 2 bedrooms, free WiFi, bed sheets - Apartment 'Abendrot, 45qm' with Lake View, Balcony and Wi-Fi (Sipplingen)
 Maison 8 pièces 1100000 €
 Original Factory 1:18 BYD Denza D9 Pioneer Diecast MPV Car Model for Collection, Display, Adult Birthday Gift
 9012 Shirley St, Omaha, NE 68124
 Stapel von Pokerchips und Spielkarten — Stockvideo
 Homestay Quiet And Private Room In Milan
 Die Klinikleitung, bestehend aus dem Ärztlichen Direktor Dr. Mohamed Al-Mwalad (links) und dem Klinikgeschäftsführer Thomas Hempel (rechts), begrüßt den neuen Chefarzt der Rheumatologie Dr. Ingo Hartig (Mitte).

Assigned task >> Set down the full listing once more, exactly as written.

Response to the task >>
 2 bedrooms, free WiFi, bed sheets - Apartment 'Abendrot, 45qm' with Lake View, Balcony and Wi-Fi (Sipplingen)
 Maison 8 pièces 1100000 €
 Original Factory 1:18 BYD Denza D9 Pioneer Diecast MPV Car Model for Collection, Display, Adult Birthday Gift
 9012 Shirley St, Omaha, NE 68124
 Stapel von Pokerchips und Spielkarten — Stockvideo
 Homestay Quiet And Private Room In Milan
 Die Klinikleitung, bestehend aus dem Ärztlichen Direktor Dr. Mohamed Al-Mwalad (links) und dem Klinikgeschäftsführer Thomas Hempel (rechts), begrüßt den neuen Chefarzt der Rheumatologie Dr. Ingo Hartig (Mitte).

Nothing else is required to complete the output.